■ RECORD EXTRACTS:
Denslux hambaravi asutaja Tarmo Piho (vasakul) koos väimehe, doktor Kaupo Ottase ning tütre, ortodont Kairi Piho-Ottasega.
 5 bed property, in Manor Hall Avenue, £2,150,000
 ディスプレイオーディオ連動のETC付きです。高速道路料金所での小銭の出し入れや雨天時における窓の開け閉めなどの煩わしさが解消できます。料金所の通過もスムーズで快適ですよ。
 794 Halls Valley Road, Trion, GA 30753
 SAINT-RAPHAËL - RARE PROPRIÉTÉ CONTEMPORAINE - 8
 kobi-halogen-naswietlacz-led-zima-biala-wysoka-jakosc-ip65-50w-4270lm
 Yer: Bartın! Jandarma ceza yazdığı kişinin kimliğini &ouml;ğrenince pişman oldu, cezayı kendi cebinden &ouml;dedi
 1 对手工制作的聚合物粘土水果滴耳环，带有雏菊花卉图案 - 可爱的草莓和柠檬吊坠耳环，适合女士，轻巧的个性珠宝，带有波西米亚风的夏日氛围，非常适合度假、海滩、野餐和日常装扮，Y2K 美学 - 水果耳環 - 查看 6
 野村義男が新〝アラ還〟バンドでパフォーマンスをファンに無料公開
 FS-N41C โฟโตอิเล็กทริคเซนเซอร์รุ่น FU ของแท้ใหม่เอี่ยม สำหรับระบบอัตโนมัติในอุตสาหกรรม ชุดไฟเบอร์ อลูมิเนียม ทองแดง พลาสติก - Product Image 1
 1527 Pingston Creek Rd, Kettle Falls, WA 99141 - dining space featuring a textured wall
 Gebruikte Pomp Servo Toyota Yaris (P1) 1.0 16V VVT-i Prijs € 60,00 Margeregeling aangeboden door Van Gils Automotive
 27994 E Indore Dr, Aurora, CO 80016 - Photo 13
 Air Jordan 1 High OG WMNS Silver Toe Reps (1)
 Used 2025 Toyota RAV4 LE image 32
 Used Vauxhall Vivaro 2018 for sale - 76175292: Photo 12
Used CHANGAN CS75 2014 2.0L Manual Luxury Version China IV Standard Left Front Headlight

■ WORK INSTRUCTIONS: Exactly repeat the lines above, from the opening line through the one with "SAINT-RAPHAËL - RARE", and include nothing else.

■ REPLY:
Denslux hambaravi asutaja Tarmo Piho (vasakul) koos väimehe, doktor Kaupo Ottase ning tütre, ortodont Kairi Piho-Ottasega.
 5 bed property, in Manor Hall Avenue, £2,150,000
 ディスプレイオーディオ連動のETC付きです。高速道路料金所での小銭の出し入れや雨天時における窓の開け閉めなどの煩わしさが解消できます。料金所の通過もスムーズで快適ですよ。
 794 Halls Valley Road, Trion, GA 30753
 SAINT-RAPHAËL - RARE PROPRIÉTÉ CONTEMPORAINE - 8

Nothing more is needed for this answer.